Anyway, life has its ups and downs, like what the cliche says. The organization I signed up to, and the only organization I finished my application in out of the more or less ten now that I enlisted in, was and still what I stand for. It stands for some of the things that I stand for, even if at times the people on it seemed unbelievably f***** up and I my faith wavered. There were times when I can’t see the point anymore and would just happily and bitterly give up, but friends would pull me back. Friends. I wasn’t even so sure if I could use it in college. The only friends I was sure of were my high school friends, and perhaps my roommate. Very shallow basis of having bonds tested by time, and opinions constricted by the limited space we lived in that was high school and our hometowns thus we didn’t really clash big time. College offered diversity, and I learned I should at least entertain openness. I somehow do good with my circle. But anyway, this diversity also seemed to bother me partly because it offered a bit of a shaky foundation, or foundations I’m not used to encountering, since I had to be careful with the things I do or the things I say. I was not totally a pleaser. I did not try to do anything to please. But I did try not to do things that could maybe displease. Until I got comfortable and I grew to be someone not too restricting of anybody’s life but not too tolerant of anybody’s crap. I got comfortable.
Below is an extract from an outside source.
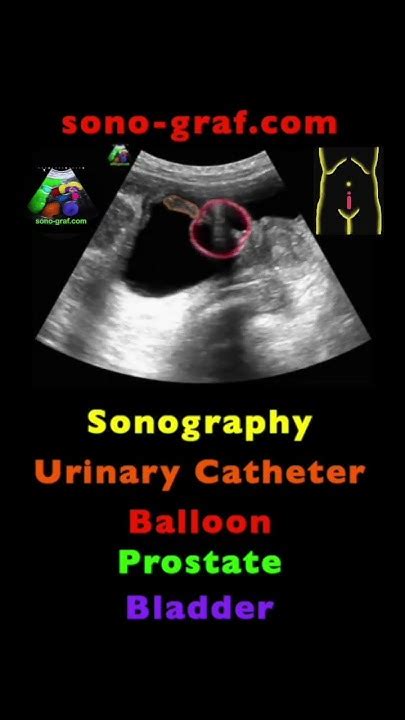 sonography urinary catheter youtube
I still am not sure whether I’ve made lasting connections with the people I was and am with. I get insecure from time to time. Forging relationships alone is hard. Maintaining them requires much more. They’re honestly still not like the feeling I get with some of my closest high school friends; that feeling that you know you would always have something to go back to. Maybe I’m afraid and I just want to keep a distance so if anything goes wrong, I could not fall that bad. I’ve had my share of disgusting-ness; of letting people slip away and trying to get back too late. Sadly, I always regret. And I always feel bad of not being ‘just like before’ with people, even if I am very aware of the fact that people moving on and meeting more people is a fact. And that nothing ever remains the same.

But I think I like them. I like these people, my favorite people from college, very much. My stay in the university might have been prolonged for a year but I am glad I got to know several wonderful people that I’m not sure I’d be this happy with had I graduated on time. Cheers to that one more year. Cheers to those bottles of beer, and shots that have made me puke for the first and second time. Cheers to the tambayan I look forward to going to after class. Cheers to the tambayan that I struggle to leave for class. Cheers to the sweet four years I am completing with you. Cheers to the love. Cheers to the people that started you, to those who have been with you, that are with you and will be with you. Cheers to the fun. Cheers to the memories. Cheers to the experience. Cheers to your twenty-three years of existence.

Continue kicking with advocacy. Much love.